Clarifying Neumaier's Interpretation of Quantum Mechanics: Wave or Particle?

[A. Neumaier]

I don't know, how Schrödinger interpreted multi-particle wave functions either.

He didn't. I think he just remarked that his 1-particle recipe no longer worked.

According to Schrödinger each single (!) electron should give a wide-spread continuous distribution, while we always find a point-like track

Why should it? In the situation you describe, the charge distribution of the single electron before the first ionization is not measurable at all!

The attempt to measure it heavily affects the state of the electron. As discussed in another thread in the context of Mott's analysis, the very first ionization effected by the single electron changes its state to one with a tiny cross section (reasonably well-defined transversal position) and a reasonably well-determined longitudinal momentum only, with a cigar-shaped charge distribution, whose track is measured!

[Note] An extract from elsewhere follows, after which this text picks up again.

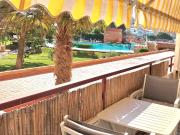 Piso reformado vista piscinas y jardin tropical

The only situations where the charge distribution of a single electron can be measured are those where the measurement doesn't influence this distribution significantly, so that repeated measurements can be made. This is the case

• (i) for an electron in a well-collimated beam, and
• (ii) for an electron in a temporally stable stationary state.

In the first case, the charge distribution is cigar shaped and the experimental tracks confirm this. In the second case, the electron must be in the ground state, the charge distribution is shaped according to an equipotential surface of the static electric potential it experiences, and atomic resolution microscopy confirms this, too.

 

[vanhees71]

Sure, and that's why Schrödinger's original interpretation doesn't make physical sense!

Case (i) measures not a single-electron position but the position of many electrons. Very often you can consider the electrons in such a "macroscopic beam" as independent particles (which, however, is no longer the case with modern accelerators of high-intensity beams; the space-charge effects are a complicated problem there!) and thus take it as (approximate) ensemble. So you measure (approximately) a single-particle distribution function through ensemble averaging.

Case (ii) describes what's measured with a tunnel microscope!

 

[A. Neumaier]

Sure, and that's why Schrödinger's original interpretation doesn't make physical sense!

Of course it does. In all cases where one can measure the charge distribution of a single electron it conforms to his interpretation. Moreover, his interpretation is just a special case of the interpretation of the expectation of the charge density operator as the observable charge density, which is something that is verifiable both macroscopically through the classical limit of electrodynamics and microscopically through a tunneling microscope.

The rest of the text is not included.